Something else I noticed while rereading the burial scene yesterday was how many times both Dumbledore's funeral and Sirius' death were mentioned while Harry was digging the grave. At the very start of chapter 24, just after Harry witnesses Dobby's death, he's immediately pulled back to the aftermath of Dumbledore's death and how it felt to view his mentor's dead body at the foot of the Astronomy tower. Later he compares the two burials and how so many dignitaries attended Dumbledore's funeral, thinking that Dobby deserves no less pomp. He also notices that Voldemort cannot penetrate his thoughts while he grieves for Dobby, just as his grief for Sirius kept Voldemort from possessing him. It is at this point that Harry truely learns what Snape was never able to teach him -- how to shut Voldemort out of his mind, how to control that connection.
Logged

  • peachespig
  • Sending World's MEANEST Email
  • **
  • Posts: 31
  • View Profile WWW
Re: The Red Death
« Reply #1 on: September 22, 2007, 12:06:55 PM »

To me the best answer to the question "What was the Red Death?" has been, "There was no obvious red death, and therefore the hypothesis that the author intended a black/white/red sequence of deaths was false."  This makes a lot more sense to me than trying to force an identification that doesn't really work.  It's just Occam's razor; if we have the idea there's a three-point sequence of symbolic events, and only two seem to be there, I don't find it compelling to stretch things to make the whole thing fit.

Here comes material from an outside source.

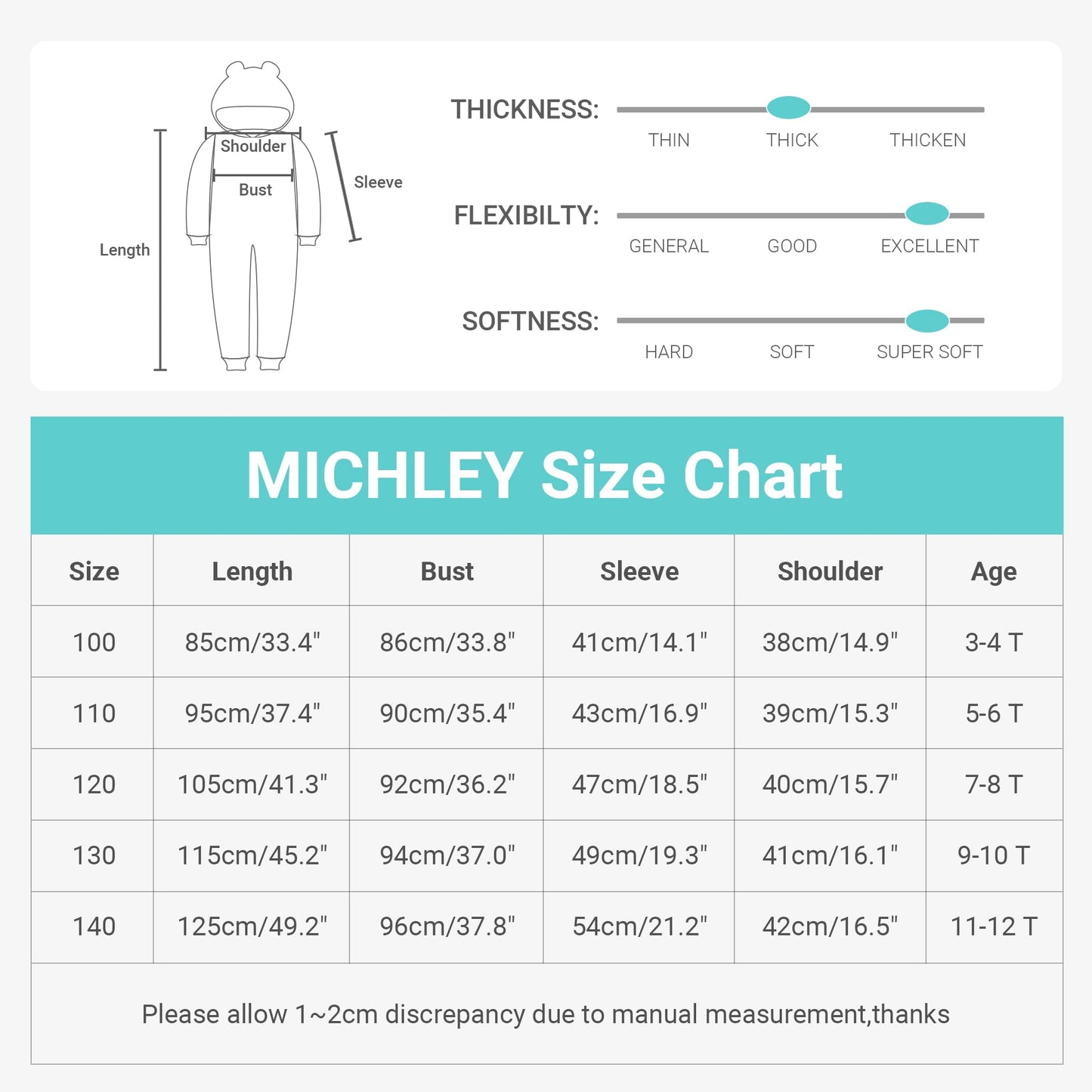 Michley Animal Hooded Romper Kids Flannel Halloween Pajamas Onesie 3-12T For Autumn Winter, Unicorn, 5-6T, Size110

Where exactly does this idea of an alchemical sequence of deaths come from, anyway?  I heard it repeated many times in the fandom, yet had never heard of it before and although I've read a lot about how everyone knows that alchemy in literary analysis means such and such, I never saw a single reference to any discussion outside of HP fandom.  It seemed like it was an idea that John Granger brought to the fandom, and then some people seized on it as a way that they could believe their sunk ships weren't really sunk — that was what I mostly saw anyway.  John Granger doesn't have much credibility with me; but is there a real corpus of literary analysis he was drawing from, and was it one we would have reason to think Jo was familiar with?

I agree with all your points about the significance of Dobby's death, though.  It was a crucial moment, falling as it did in the middle, and was able to move and inspire Harry to action in the rest of the book, while the tragedies at the end were too late for that.
Logged
  • Ashwinder
  • The Killer Cockroach
  • Administrator
  • VINDICATED
  • *****
  • Posts: 207
  • View Profile WWW
Re: The Red Death
« Reply #2 on: September 22, 2007, 12:22:09 PM »

Where exactly does this idea of an alchemical sequence of deaths come from, anyway?

Not sure, actually. Part of it, at least, is out of my own head. All I know is when I first entered the fandom there was discussion on how JKR did a lot of research into alchemy when she was first planning the books. The idea is certainly hinted at in the title of the first book, and then there's this quote from 1998: "To invent this wizard world, I've learned a ridiculous amount about alchemy." Of course she goes on to say "perhaps much of it I'll never use in the books, but I have to know in detail what magic can and cannot do in order to set the parameters and establish the stories' internal logic," which is perhaps where a lot of the literary alchemical theories as applied to HP meet their downfall. People are trying to force a pattern onto the stories that just isn't there, as you say.

I think this is definitely the case where shipping is concerned. It always seemed to me that if there was some kind of alchemical pattern being followed, it was in the significant deaths and not in the shipping. And I think where I got the idea that it would pertain to the deaths was in the characters' names.

Was it or wasn't it a coincidence that Sirius' family name is Black? I don't know. Maybe it was; or maybe JKR chose that name to lend a sinister quality to him in the third book so she could better hide his true nature. And then when the rest of the family is introduced in OOP, we see that there actually is something similar about the Black family.

Same thing could be said for Dumbledore. Maybe she just wanted to associate him with goodness, hence naming him "white". Of course, then we go on to learn in book 7 that he wasn't completely "white" after all.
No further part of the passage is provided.